Pictures in the data should be dropped; transcribe exactly the lines from the one that has "jeremy kyle | SO" through the one that has "Using Instagram Advertising".

========================================

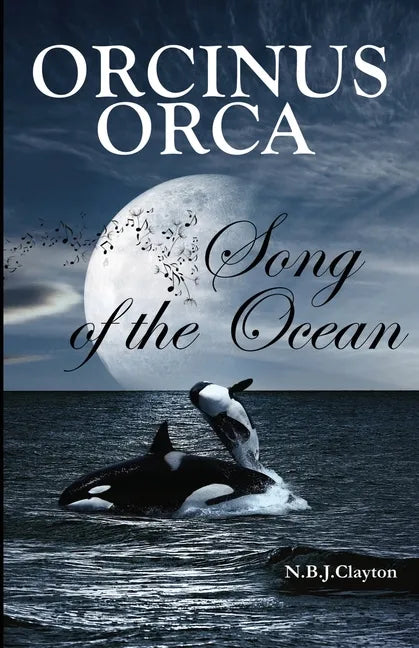 Orcinus Orca - Song of the Ocean - Paperback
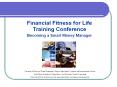Financial Fitness for Life Training Conference Becoming a Smart Money Manager PowerPoint PPT Presentation
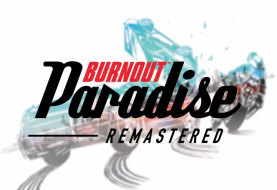 Zapowiedziano remaster „Burnout Paradise"!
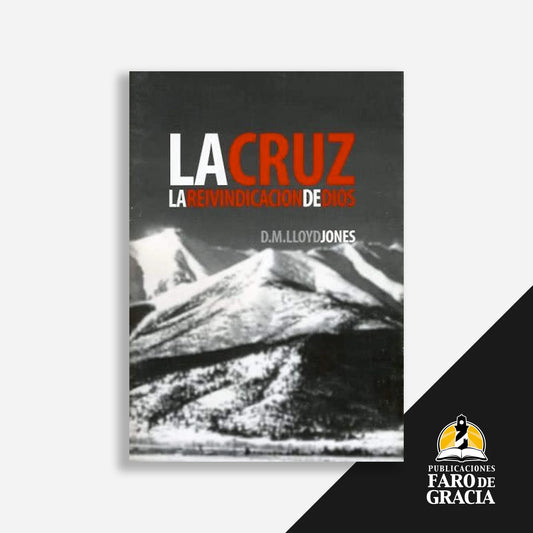 La cruz: La reivindicación de Dios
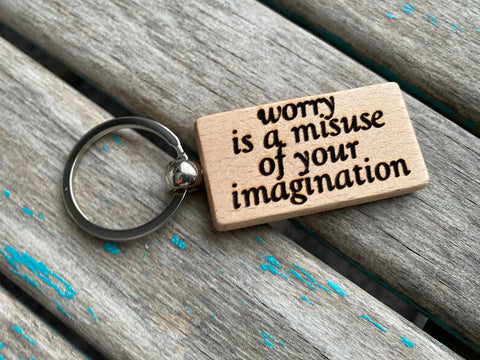 Quote Keychain- "worry is a misuse of your imagination" -Wood Keychain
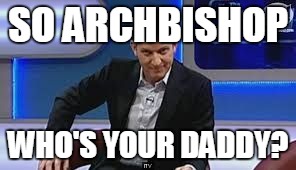 jeremy kyle | SO ARCHBISHOP; WHO'S YOUR DADDY? | image tagged in jeremy kyle | made w/ Imgflip meme maker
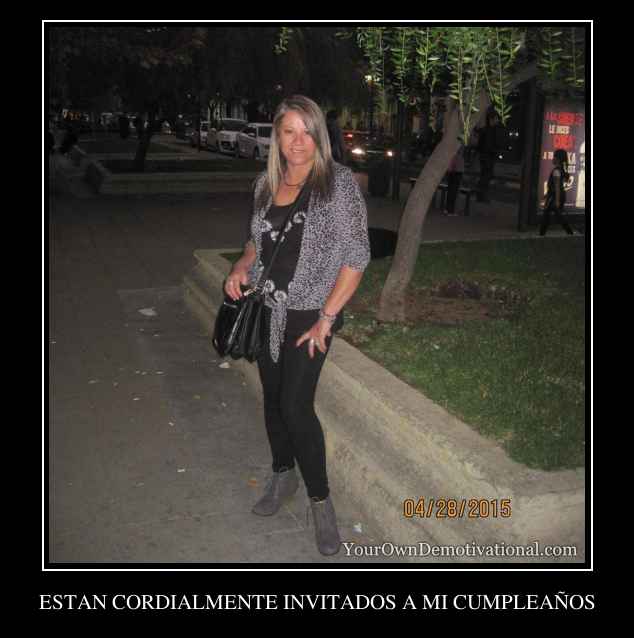 ESTAN CORDIALMENTE INVITADOS A MI CUMPLEAÑOS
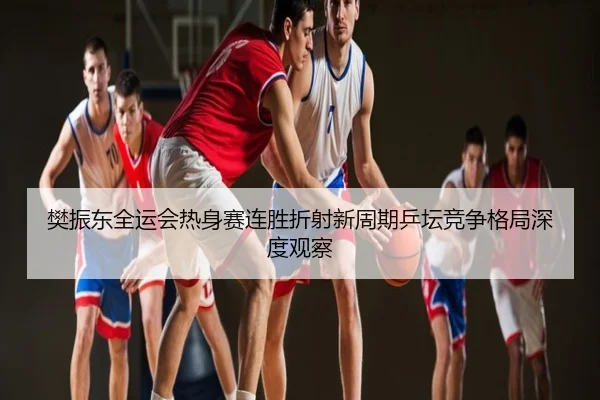 樊振东全运会热身赛连胜折射新周期乒坛竞争格局深度观察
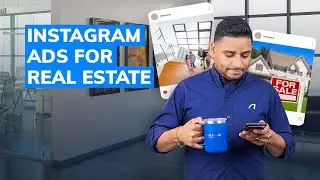 Using Instagram Advertising to Thrive in Real Estate
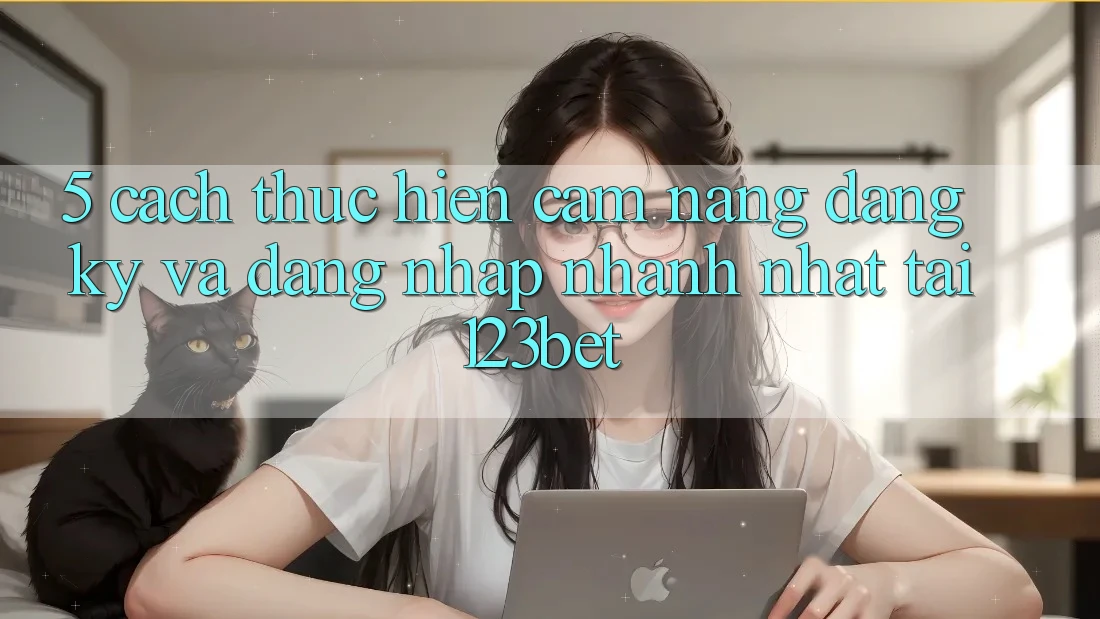 5. Cách thực hiện Cẩm nang Đăng Ký Và Đăng Nhập Nhanh Nhất Tại 123bet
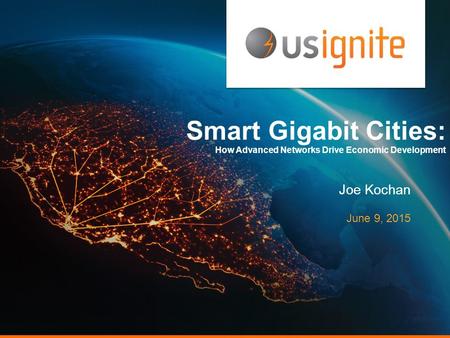 Smart Gigabit Cities: How Advanced Networks Drive Economic Development Joe Kochan June 9, 2015.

========================================

__Exercise output__
 jeremy kyle | SO ARCHBISHOP; WHO'S YOUR DADDY? | image tagged in jeremy kyle | made w/ Imgflip meme maker
 ESTAN CORDIALMENTE INVITADOS A MI CUMPLEAÑOS
 樊振东全运会热身赛连胜折射新周期乒坛竞争格局深度观察
 Using Instagram Advertising to Thrive in Real Estate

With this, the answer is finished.